The second commit in the same branch rescues this behavior by using more stable math and avoiding the runtime warnings, and thus the issue with the wrong ability estimate (commands continued from above):
git checkout dfb1fb43f595c3fc9b258f7b5b7d5abb955ab251
uv run python -m unittest
This shows expected behavior:
uv run python -m unittest
........Expected percentage correct: 49.2%
Actual percentage correct: 52.0%
.0.06671217525215464
.First 5 items - Expected probabilities for ability=0:
Item 0: a=1.051, b=-0.560, c=0.060, d=0.814 -> P=0.545
Item 1: a=0.994, b=-0.230, c=0.241, d=0.805 -> P=0.555
Item 2: a=0.991, b=1.559, c=0.150, d=0.898 -> P=0.282
Item 3: a=1.274, b=0.070, c=0.129, d=0.817 -> P=0.457
Item 4: a=0.955, b=0.129, c=0.101, d=0.883 -> P=0.468
.......................Item ID: S0811, Correct Answer: diff, User Answer: same.
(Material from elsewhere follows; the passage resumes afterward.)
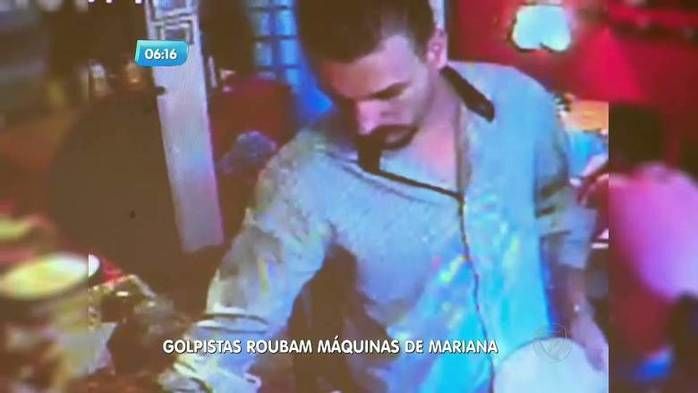 Golpistas foram flagrados por câmeras de segurança (Crédito: Reprodução)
Score: 0
After item #1 with ID S001: estimated ability and standard error: -0.13013013013013008, 0.9785610828814044
Item ID: S049, Correct Answer: diff, User Answer: same. Score: 0
After item #2 with ID S003: estimated ability and standard error: -0.3303303303303302, 0.3249376308979352
Item ID: S007, Correct Answer: diff, User Answer: same. Score: 0
After item #3 with ID S005: estimated ability and standard error: -0.39039039039039025, 0.26918390077873305
Item ID: S075, Correct Answer: diff, User Answer: same. Score: 0
After item #4 with ID S007: estimated ability and standard error: -0.4904904904904903, 0.21795263455719996
Item ID: S003, Correct Answer: diff, User Answer: same. Score: 0
After item #5 with ID S009: estimated ability and standard error: -0.5705705705705704, 0.1670767407810938
Item ID: S081, Correct Answer: diff, User Answer: same. Score: 0
After item #6 with ID S013: estimated ability and standard error: -0.6106106106106104, 0.22674237978014508
Item ID: S151, Correct Answer: same, User Answer: same. Score: 1
After item #7 with ID S015: estimated ability and standard error: -0.5705705705705704, 0.0647880110496236
Item ID: S065, Correct Answer: diff, User Answer: same. Score: 0
After item #8 with ID S017: estimated ability and standard error: -0.5705705705705704, 0.06046497163058291
Item ID: S083, Correct Answer: diff, User Answer: same. Score: 0
After item #9 with ID S019: estimated ability and standard error: -0.5705705705705704, 0.05724104458744014
Item ID: S023, Correct Answer: diff, User Answer: same. Score: 0
After item #10 with ID S021: estimated ability and standard error: -0.6706706706706704, 0.03326211160134737
Item ID: S0406, Correct Answer: diff, User Answer: same. Score: 0
// Many lines omitted here
Item ID: S1401, Correct Answer: same, User Answer: same. Score: 1
After item #138 with ID S1411: estimated ability and standard error: -1.3113113113113108, 0.017204674401946778
.......................
----------------------------------------------------------------------
Ran 56 tests in 11.572s
OK
I think in item_information_function()
, the problem is that when p_y1
approaches 0 or 1, the denominator p_y1 * (1 - p_y1)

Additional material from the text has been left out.